二話
「あれって」
初が指差した方向に誰かがいる。
甲冑を着込み、折れた槍を杖している。どう見ても武者であり、そして敗者の姿である。目を血走らせ、槍を捨てて刀を抜いた。最も赤の似合わないこの河原に、それは訪れてしまった。
「怪我してる、よね。どうしよう」
江の手を握りしめ、その肩を抱き寄せた。怯えながらも相手の怪我を思いやるその心に、娯楽は突き動かされた。

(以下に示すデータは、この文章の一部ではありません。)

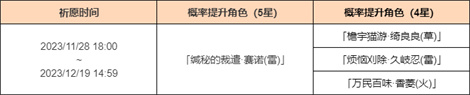 「雳裁冥昭」祈愿：「缄秘的裁遣・赛诺(雷)」概率UP！-第2张图片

岩から腰を上げ、まるで無警戒に近づいた。恐れと守るべきものの存在が彼を大胆にさせた。
「私は芝位娯楽と申す。何かご用か」
堂々と、しかし威圧しないよう静かに言った。
「……芝位。もしや義郎殿の縁者か」
この場でその名を聞くとは思いもしない、娯楽の手に汗が滲んだ。
「父です」
武者は突然にひれ伏した。まるで力尽きたかのようでもあった。
駆け寄ると無残な傷跡が目立つ。腹には大きな刀傷があって、それを手ぬぐいできつく縛っていた。
もう助からない。その直感は事実であった。
「あなたの名は。生まれは」
娯楽は目に涙を浮かべた。この者が誰であれ、必死に戦った証に心を打たれた。
「私は……仙台藩の仙崎と申す。家族はなく、郷里と呼べる場所もなく」
そう言って仙崎は娯楽の手を握った。
「あなたの父上には世話になった。無頼を気取っていただけだと気付かされた」
土と血で汚れた手をとり娯楽は気を強く持つよう諭したが、仙崎はもう死を受け入れている。
「父は、どうなりましたか」
「俺たちは逃がされた。芝位殿によって逃がされたのだ」
「それはどこで」
「足止めするとだけ言って、逃がしてくれたのだ。俺たちは逃げたんだ。本当はあそこにいるべきだったんだ」
だんだんと冷たくなるその手を、娯楽は頬に当てた。
「あの化け物……奴ら、化け物を放って……芝位殿が逃がしてくれた」
「化け物?」
言葉はもう交わらない。彼の顔は恐怖で彩られ、鮮やかな死人の色になった。
「兄様」
「娯楽さん」
近寄ろうとする妹たちを手で制した。その向けられた手は赤く、それだけで江はくらりとたたらを踏んだ。
「このお人を埋める。林の木陰なら涼しいだろう」
娯楽は仙崎を抱えて運び、手で穴を掘った。月が空の果てにうっすらと現れる頃、埋葬はすんだ。その間、初は気絶している江を診ながら、黙って娯楽の汗を注視していた。
兄妹は黙祷をした。娯楽は一緒に父にもした。
「帰ろう。お江さんは大丈夫か」
「寝てるよ。おぶってあげてよ」
寝息は等間隔で、特に異常はないように思えた。川沿いに歩いて橋を渡り大通りへ、いつもは元気な兄妹がやけに静かであることに町人たちは不審がったが、それも背にいる江のためだろうと気にも留めない。
江の家族には事情を説明し、身軽になった娯楽は暗くなりゆく空を見上げ、
「お前を背負って、走って帰ろうか」
と、言った。できるだけ明るく朗らかにした。
「私は歩くよ」
毅然とした態度に、娯楽はそうかと頷いた。この幼い妹もやはり武士の娘である、おそらく人知れず父を案じ、そして覚悟はしていたのだろう。仙崎の最後にも彼女は涙一つ見せなかった。
「ただいま戻りました」
重なる声にねんは「おかえりなさい」といつもののんびりとした調子で返事をした。